***** Input data *****

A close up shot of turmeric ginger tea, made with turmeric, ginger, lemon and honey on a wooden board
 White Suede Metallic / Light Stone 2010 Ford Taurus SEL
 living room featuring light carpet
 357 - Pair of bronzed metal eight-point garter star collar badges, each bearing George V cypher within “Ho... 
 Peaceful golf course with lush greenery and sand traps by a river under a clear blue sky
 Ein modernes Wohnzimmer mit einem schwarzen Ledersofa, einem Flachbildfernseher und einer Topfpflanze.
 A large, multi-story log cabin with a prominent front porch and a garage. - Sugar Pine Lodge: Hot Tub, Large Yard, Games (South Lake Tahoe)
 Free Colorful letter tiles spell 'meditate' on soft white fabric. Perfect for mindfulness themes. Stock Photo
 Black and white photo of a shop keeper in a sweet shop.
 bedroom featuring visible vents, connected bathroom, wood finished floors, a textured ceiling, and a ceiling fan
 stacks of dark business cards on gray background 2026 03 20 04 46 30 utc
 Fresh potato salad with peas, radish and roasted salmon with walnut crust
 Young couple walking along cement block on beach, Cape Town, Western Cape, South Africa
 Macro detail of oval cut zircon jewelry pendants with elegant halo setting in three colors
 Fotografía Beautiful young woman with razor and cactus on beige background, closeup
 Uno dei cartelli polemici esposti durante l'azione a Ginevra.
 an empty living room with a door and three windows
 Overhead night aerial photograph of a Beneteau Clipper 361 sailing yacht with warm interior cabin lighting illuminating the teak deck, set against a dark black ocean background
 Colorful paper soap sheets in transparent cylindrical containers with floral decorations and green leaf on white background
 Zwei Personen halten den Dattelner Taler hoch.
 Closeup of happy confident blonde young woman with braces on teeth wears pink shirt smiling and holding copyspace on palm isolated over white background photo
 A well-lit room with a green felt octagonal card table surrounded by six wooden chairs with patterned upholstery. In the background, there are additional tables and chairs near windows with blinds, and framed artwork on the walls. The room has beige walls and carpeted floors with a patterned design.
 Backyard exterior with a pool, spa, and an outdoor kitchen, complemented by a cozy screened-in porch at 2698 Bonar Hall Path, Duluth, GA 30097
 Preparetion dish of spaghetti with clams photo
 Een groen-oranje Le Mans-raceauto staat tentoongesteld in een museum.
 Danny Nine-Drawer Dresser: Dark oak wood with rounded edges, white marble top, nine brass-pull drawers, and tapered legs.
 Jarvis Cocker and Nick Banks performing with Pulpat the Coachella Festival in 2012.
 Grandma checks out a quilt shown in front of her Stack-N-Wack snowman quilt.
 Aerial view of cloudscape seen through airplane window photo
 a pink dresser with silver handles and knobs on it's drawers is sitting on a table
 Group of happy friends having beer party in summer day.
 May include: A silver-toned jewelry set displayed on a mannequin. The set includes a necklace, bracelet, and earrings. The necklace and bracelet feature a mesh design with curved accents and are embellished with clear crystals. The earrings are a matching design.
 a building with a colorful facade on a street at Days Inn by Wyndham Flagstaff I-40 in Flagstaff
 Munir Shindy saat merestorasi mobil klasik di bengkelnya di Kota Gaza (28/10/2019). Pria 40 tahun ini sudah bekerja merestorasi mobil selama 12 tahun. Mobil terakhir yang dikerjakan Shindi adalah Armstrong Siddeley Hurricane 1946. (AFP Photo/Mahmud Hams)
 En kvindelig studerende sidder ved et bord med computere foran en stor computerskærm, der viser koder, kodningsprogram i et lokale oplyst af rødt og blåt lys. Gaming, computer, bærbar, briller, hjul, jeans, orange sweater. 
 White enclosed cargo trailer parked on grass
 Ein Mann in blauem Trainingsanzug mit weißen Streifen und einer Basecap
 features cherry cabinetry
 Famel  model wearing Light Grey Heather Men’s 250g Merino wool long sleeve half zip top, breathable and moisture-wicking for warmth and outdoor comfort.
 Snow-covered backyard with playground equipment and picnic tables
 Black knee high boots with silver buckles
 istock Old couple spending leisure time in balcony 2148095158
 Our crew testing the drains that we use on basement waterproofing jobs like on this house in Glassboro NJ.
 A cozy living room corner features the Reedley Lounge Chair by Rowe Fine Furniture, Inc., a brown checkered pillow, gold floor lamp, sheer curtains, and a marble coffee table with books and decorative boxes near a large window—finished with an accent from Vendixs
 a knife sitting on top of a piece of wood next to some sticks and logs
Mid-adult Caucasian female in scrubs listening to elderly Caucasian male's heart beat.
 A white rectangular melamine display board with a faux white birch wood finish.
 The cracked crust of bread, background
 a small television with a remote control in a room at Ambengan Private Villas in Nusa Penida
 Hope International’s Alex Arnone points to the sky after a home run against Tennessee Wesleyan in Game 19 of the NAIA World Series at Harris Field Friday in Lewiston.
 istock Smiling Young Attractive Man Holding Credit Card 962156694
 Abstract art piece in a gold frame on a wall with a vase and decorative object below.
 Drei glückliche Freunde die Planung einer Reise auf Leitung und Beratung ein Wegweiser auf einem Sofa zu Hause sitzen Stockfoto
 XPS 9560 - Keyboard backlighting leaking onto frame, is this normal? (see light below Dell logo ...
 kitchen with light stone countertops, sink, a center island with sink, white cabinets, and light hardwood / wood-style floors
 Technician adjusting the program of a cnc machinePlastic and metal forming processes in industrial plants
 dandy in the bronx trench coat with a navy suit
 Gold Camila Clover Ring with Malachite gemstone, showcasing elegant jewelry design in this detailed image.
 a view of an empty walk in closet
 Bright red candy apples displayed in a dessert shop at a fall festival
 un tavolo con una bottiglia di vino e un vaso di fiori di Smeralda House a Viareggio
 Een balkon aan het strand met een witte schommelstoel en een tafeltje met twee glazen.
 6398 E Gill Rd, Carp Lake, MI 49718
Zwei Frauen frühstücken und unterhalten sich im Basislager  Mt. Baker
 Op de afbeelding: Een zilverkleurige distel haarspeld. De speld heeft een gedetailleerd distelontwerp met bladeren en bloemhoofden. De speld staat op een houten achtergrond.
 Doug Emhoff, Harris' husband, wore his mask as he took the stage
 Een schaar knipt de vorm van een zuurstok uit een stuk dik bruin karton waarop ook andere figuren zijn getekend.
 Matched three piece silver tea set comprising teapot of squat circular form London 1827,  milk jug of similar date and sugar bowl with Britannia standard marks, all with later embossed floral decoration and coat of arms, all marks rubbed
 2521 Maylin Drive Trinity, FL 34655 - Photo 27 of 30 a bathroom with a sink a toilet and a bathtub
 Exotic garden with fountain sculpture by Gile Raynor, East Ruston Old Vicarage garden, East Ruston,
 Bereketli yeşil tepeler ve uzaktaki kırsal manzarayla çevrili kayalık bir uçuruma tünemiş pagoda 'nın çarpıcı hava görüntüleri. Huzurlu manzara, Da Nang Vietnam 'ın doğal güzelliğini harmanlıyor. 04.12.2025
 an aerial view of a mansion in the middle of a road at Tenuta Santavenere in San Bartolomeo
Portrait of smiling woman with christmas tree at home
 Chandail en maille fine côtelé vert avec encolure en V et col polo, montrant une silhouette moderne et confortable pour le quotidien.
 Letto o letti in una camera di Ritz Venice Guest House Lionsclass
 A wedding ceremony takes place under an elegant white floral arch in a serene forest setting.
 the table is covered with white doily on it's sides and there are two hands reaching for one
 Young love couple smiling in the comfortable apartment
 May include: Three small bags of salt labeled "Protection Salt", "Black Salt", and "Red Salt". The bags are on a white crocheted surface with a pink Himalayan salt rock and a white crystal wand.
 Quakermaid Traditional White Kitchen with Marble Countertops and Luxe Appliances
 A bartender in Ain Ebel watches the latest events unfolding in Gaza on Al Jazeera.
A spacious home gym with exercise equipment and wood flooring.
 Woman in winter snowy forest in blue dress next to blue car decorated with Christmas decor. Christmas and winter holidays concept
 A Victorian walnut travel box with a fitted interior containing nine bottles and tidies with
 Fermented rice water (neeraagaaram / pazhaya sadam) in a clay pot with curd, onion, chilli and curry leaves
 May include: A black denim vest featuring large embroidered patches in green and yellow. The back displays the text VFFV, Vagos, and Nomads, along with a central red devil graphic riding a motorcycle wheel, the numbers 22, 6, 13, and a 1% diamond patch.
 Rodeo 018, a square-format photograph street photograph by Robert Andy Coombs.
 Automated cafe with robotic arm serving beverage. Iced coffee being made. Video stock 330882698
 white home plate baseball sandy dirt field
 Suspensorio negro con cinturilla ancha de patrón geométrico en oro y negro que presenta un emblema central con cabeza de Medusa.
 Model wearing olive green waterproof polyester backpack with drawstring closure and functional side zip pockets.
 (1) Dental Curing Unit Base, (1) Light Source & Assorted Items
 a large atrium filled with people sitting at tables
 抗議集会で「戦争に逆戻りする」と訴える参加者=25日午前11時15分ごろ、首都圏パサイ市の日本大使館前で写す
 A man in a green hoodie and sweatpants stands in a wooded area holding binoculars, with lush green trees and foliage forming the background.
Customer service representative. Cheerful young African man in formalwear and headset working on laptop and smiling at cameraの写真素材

*****

**Aim of the exercise**:
In the entries above, how many lines contain the word "einer"? Answer with the number only.

**Exercise answer**:
3